Conversation avec Jayati Gosh, économiste, professeur à l’université Jawaharlal Nehru de nouvelle Delhi et à l’université de Cambridge. Autrice de nombreux essais sur le développement et sur les interdépendances économiques entre les Pays de la communauté internationale dont nous rappelons «Crisis and conquest : learning from East Asia », 2001; «The market that failed : a decade of neoliberal economic reform in India », 2002. La conversation avec Jayati Gosh a eu lieu à Rimini pendant la 42e édition des journées internationales d’étude de la Fondation Pio Manzù en cours à Rimini du 21/23 octobre 2011.

Antonio Torrenzano. J’aimerais commencer cette conversation en dialoguant avec vous sur cette longue période de crise économique de l’année 2008 à aujourd’hui. Pourquoi le système a-t-il perdu l’ancienne valeur d’une équitable redistribution de la richesse pour tous ?

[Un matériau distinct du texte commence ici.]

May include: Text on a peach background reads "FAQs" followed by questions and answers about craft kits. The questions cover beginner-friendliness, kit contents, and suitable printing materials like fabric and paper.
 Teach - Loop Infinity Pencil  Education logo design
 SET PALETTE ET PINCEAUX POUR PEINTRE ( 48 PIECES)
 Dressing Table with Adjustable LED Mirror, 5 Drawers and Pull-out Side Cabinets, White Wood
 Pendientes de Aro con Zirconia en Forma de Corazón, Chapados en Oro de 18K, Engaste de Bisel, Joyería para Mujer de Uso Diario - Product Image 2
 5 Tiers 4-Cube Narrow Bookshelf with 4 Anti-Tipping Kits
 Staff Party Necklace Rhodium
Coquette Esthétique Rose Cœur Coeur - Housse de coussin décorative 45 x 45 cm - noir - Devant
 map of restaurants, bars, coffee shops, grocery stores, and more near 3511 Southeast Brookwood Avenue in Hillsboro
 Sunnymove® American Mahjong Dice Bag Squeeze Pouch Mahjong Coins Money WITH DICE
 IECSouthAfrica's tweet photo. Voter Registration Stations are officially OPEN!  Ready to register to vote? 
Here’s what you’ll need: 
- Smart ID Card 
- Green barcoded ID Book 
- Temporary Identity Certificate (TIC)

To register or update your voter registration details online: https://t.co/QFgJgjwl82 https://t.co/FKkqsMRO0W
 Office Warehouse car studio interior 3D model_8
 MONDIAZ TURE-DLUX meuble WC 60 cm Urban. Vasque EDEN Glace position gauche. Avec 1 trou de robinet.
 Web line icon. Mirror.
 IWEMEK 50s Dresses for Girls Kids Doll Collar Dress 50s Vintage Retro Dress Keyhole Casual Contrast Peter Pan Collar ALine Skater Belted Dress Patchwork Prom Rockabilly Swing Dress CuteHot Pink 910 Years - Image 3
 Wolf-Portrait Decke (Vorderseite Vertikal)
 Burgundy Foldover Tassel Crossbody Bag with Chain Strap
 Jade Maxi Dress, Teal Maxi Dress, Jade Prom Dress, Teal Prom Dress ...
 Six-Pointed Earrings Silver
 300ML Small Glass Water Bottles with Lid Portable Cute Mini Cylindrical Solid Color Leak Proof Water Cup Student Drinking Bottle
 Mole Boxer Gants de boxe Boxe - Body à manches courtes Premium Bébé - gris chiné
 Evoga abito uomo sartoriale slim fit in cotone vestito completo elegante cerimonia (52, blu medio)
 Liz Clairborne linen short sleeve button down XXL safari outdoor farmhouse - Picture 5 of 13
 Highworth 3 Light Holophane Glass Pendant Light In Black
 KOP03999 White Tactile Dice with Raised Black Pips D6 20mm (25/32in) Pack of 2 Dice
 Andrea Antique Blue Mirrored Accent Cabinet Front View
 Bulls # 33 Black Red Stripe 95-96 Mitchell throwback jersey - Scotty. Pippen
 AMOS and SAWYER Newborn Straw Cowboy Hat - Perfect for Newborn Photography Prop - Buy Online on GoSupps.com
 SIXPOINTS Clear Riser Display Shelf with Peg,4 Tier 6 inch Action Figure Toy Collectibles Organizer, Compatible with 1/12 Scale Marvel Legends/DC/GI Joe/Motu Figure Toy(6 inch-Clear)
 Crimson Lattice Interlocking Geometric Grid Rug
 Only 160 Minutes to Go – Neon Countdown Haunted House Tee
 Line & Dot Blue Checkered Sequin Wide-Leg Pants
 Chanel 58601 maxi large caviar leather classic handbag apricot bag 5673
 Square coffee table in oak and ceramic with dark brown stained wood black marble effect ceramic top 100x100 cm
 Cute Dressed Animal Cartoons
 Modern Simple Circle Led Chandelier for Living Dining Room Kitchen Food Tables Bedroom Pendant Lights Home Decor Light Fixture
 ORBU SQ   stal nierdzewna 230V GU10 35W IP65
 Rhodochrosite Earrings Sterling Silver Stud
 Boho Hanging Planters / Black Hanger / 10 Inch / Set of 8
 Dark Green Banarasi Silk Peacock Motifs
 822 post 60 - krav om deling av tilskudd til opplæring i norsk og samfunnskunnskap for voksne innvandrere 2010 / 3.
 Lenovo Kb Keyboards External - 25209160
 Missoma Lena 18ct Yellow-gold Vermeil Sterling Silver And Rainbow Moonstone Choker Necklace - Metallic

Jayati Gosh. Tout le monde sait désormais que la crise financière du 2008 reposait sur des pratiques spéculatives rendues possibles et encouragées par la déréglementation du secteur financier, et qu’il n’était pas durable. Il est désormais unanimement reconnu qui est nécessaire de réformer le système financier international. Ce système s’est montré incapable de respecter deux règles élémentaires : prévenir l’instabilité et les crises, et assurer le transfert des ressources des économies les plus riches vers les plus pauvres. Le système a encouragé encore un comportement d’instabilité, c’est-à-dire l’accentuation non nécessaire des fluctuations dans les économies nationales. Il a fait de la finance un secteur opaque et impossible à réglementer. Il a encouragé les bulles et la ferveur spéculatives. Le système n’a pas produit de véritables investissements productifs au profit de la croissance future. Il a permis la prolifération des transactions parallèles par le biais des paradis fiscaux et de vérifications nationales peu sévères. En outre, il a affaibli le rôle d’un outil essentiel au développement économique : le crédit dirigé qui permet d’allouer une partie du prêt à des secteurs spécifiques de l’économie. Malheureusement, tout porte à croire que ce sont ceux qui n’ont rien gagné qui devront payer pour réparer les erreurs d’un système financier irresponsable et dérèglementé.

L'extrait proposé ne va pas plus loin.